Mestre Zulu : Être maître de capoeira signifie être quelqu’un qui a acquis une connaissance spéciale de la modalité, transmis à d’autres son savoir et formé des disciples, atteignant la reconnaissance du mérite de ses pairs. Selon le système Ideário de graduations, nous avons deux grades et titres de Mestres. Le Mestre edificador est celui qui a reçu la corde rouge. Il est en phase d’édification ou dans un processus de construction de sa “maîtrise” (l’Art d’être Maître) et de son travail. Ensuite le Mestre dignificador est celui qui a reçu comme graduation la corde blanche, après des années de travail et la formation d’autres Mestres. Son travail rend sa dignité à la capoeira et au-delà de la reconnaissance du mérite de ses pairs, il a atteint la reconnaissance du mérite de la société.
GCC : Quel est l'avenir de la capoeira selon vous dans les dix prochaines années?
Mestre Zulu : J’entends la capoeira comme un bien culturel immatériel brésilien, dans lequel commence à apparaître quelques courants de pensées sur son enseignement et sa pratique. La capoeira a des interfaces et des intersections avec différentes modalités de connaissances. Comme je l’ai dit antérieurement, la capoeira est passée d’un facteur psychosocial justificatif à un autre et toujours augmentée et diversifiée. De nos jours, les capoeiristes et l’Etat brésilien recherchent un plan de sauvegarde pour la Capoeira. Ils cherchent à créer des politiques publiques pour qu’il puisse y avoir des actions de forme constitutionnelle, démocratique, sûre, durable et impartiale. Le recensement des demandes de la capoeira et des capoeiristes réalisé par l’IPHAN dans les rencontres de Recife, Rio de Janeiro et Brasília, nous a donné, à nous, capoeiristes, la notion du quantitatif, du qualitatif, de la diversité, et des divergences d’opinions. Pour faire cette projection de ce que sera la capoeira dans dix ans, il faudrait faire une étude donnée, ce que je viens d’exposer. Je ne dispose pas d’informations suffisantes pour faire une prévision raisonnable.

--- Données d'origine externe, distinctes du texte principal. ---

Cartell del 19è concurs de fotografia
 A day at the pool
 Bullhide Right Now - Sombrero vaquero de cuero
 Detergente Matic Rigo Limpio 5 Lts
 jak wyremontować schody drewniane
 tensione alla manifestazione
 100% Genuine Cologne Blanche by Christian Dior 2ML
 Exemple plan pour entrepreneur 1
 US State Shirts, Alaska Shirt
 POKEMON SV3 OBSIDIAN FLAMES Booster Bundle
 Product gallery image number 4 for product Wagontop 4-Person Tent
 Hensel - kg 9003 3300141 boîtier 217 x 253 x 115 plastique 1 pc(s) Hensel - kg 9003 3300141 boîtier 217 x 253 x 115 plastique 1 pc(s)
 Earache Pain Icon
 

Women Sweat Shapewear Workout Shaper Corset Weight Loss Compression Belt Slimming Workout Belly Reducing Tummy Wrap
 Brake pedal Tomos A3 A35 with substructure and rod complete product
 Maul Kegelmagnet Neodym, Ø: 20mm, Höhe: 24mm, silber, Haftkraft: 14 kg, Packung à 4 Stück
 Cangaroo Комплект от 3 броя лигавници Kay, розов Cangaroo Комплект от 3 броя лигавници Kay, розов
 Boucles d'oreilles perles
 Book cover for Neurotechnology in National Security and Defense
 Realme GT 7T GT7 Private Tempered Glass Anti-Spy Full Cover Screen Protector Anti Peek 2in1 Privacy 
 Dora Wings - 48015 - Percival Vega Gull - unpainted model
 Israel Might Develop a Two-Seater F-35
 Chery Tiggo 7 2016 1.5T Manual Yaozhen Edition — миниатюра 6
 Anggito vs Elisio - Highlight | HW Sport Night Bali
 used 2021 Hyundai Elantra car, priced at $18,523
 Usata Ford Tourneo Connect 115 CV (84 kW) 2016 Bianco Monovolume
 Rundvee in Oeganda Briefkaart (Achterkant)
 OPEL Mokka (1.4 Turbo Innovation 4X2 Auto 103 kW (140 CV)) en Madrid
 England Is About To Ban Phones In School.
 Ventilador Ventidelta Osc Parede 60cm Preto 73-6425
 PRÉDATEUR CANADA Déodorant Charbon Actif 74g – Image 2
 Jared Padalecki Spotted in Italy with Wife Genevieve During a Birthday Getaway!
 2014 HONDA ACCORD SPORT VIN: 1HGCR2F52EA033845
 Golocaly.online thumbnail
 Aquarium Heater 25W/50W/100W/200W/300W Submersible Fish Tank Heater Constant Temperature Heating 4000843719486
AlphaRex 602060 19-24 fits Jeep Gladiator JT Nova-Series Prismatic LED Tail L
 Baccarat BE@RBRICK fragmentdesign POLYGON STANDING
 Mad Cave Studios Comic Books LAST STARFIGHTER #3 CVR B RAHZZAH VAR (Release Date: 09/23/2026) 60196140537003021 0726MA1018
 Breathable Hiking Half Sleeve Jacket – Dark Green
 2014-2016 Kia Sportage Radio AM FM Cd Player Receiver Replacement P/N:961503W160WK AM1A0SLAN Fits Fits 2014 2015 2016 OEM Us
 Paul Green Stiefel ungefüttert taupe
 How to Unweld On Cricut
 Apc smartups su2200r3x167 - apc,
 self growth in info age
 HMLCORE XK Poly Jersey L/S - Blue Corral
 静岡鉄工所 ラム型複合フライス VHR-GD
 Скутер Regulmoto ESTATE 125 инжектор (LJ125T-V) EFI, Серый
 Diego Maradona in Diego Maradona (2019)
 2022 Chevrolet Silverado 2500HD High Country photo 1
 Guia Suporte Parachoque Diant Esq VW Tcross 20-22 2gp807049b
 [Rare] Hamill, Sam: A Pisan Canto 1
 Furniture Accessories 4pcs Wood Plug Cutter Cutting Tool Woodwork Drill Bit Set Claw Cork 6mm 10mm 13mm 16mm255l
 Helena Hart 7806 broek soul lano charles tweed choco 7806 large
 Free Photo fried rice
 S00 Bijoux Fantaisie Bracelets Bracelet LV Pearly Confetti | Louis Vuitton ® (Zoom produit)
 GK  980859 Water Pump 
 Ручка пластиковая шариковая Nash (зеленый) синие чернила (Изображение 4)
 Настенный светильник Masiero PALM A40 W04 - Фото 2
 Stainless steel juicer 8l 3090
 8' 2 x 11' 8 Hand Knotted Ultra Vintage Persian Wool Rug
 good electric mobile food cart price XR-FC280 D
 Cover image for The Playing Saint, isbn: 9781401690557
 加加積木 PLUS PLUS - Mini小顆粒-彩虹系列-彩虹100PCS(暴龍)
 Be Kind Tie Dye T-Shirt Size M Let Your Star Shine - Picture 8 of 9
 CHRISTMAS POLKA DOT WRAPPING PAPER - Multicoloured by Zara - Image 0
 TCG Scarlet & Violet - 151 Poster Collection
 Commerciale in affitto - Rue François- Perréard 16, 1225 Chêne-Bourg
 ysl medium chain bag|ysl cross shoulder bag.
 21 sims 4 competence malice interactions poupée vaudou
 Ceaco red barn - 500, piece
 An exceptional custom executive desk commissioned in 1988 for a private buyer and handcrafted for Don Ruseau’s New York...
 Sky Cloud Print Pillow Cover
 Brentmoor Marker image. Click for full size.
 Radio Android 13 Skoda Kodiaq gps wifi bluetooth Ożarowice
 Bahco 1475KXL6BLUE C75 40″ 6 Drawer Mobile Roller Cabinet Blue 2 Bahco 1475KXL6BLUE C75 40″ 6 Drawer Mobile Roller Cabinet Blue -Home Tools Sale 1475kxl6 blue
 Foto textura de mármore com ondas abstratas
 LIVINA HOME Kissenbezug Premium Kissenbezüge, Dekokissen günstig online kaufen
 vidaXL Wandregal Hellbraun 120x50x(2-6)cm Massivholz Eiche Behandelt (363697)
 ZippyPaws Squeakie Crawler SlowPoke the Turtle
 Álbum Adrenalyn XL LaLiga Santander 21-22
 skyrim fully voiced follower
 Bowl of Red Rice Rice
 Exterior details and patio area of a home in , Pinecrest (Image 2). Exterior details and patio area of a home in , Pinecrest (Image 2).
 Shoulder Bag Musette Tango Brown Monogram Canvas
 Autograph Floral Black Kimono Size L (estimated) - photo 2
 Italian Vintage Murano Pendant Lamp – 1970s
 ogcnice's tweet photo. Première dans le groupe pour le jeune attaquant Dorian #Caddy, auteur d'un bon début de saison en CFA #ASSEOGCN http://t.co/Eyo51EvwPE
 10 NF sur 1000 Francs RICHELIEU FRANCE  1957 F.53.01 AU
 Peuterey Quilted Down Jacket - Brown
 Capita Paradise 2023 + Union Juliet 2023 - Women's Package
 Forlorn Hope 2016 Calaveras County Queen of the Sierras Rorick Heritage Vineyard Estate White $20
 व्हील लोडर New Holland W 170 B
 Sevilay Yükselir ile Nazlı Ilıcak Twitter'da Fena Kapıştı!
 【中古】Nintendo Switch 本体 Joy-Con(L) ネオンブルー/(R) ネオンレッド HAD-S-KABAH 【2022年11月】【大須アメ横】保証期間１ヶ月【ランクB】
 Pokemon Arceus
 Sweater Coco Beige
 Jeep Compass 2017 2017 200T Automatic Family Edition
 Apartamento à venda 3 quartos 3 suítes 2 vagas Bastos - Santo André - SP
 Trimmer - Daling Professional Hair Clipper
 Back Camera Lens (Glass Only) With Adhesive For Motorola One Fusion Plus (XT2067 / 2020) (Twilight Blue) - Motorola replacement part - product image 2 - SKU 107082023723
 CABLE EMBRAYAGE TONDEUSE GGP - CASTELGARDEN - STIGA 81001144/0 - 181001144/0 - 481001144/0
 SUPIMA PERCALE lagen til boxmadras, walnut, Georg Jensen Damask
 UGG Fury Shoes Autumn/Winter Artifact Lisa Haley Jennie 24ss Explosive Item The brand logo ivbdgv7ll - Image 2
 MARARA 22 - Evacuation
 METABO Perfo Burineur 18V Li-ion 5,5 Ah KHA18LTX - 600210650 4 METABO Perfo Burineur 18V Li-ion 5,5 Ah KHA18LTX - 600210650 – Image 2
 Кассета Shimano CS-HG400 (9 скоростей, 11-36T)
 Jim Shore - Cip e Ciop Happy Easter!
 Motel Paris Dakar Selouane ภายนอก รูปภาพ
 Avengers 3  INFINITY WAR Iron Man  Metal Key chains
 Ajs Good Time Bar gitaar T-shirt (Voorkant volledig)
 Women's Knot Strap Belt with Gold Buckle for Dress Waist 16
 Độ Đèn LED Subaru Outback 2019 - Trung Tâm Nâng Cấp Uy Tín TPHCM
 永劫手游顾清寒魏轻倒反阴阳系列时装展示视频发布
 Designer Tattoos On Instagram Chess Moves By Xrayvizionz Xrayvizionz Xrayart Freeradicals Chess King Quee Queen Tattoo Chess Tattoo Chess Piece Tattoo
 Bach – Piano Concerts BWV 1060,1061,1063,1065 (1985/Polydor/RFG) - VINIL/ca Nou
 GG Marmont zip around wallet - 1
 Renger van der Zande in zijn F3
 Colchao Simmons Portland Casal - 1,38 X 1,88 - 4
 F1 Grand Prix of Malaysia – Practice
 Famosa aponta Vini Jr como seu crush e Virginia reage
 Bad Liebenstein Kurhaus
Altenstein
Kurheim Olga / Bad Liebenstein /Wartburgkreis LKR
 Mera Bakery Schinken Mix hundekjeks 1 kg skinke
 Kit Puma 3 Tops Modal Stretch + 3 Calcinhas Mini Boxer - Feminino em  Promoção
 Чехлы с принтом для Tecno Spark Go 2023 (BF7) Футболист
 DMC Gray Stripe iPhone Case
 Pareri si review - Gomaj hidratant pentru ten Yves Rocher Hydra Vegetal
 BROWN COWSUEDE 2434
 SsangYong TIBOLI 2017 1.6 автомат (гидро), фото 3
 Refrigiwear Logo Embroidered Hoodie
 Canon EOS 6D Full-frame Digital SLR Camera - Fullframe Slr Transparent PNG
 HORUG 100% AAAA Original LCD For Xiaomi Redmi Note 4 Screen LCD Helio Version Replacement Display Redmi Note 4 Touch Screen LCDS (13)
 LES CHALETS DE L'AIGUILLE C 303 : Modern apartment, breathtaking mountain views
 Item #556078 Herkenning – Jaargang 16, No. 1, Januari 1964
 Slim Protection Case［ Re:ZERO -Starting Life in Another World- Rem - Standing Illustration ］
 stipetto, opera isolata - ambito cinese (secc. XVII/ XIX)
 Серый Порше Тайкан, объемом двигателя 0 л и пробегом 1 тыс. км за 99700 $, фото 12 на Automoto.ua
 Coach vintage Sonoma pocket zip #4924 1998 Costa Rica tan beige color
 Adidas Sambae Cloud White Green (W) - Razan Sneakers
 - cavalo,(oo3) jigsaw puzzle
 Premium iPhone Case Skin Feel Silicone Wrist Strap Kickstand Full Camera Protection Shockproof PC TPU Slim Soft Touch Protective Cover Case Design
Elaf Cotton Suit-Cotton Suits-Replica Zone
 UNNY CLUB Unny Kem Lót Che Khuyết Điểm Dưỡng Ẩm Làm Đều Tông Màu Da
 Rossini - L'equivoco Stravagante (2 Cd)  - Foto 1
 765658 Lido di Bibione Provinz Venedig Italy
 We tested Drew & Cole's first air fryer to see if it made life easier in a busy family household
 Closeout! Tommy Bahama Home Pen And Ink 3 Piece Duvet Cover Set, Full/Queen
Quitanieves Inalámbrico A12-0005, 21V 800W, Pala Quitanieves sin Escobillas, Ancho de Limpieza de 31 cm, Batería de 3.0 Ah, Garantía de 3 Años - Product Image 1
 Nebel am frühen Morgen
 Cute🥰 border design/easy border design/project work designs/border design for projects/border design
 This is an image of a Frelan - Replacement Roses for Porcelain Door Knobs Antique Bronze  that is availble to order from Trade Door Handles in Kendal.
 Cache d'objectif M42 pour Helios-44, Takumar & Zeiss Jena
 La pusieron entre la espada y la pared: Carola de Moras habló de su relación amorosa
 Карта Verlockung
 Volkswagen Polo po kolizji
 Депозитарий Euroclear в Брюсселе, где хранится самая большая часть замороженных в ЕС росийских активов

GCC : Le racisme existe-t’-il dans la capoeira?
Mestre Zulu : Je crois qu’il existe du racisme dans le milieu capoeiristique, oui! La capoeira comme institution, comme manifestation culturelle, éducative et sportive, est une fraction, un morceau de la société brésilienne, et comme telle, elle est imprégnée de racisme, de préjugés, de stéréotypes et de dopage. Parfois, le racisme est minimisé par les amitiés créées par la connivence dans les entraînements, les rodas et les nouveaux liens sociaux créés par la capoeira. “Le Brésil est encore un pays raciste”, malgré les efforts du gouvernement pour gérer le problème. Une grande partie des brésiliens considèrent que la couleur de peau interfère dans les relations professionnelles, dans les questions liées à la police, à la justice et visiblement, dans les relations sociales.
GCC - La répression de la Capoeira existait-ele sous la dictature militaire? Ou au contraire était- elle encouragée sous une forme voulue par le regime en place?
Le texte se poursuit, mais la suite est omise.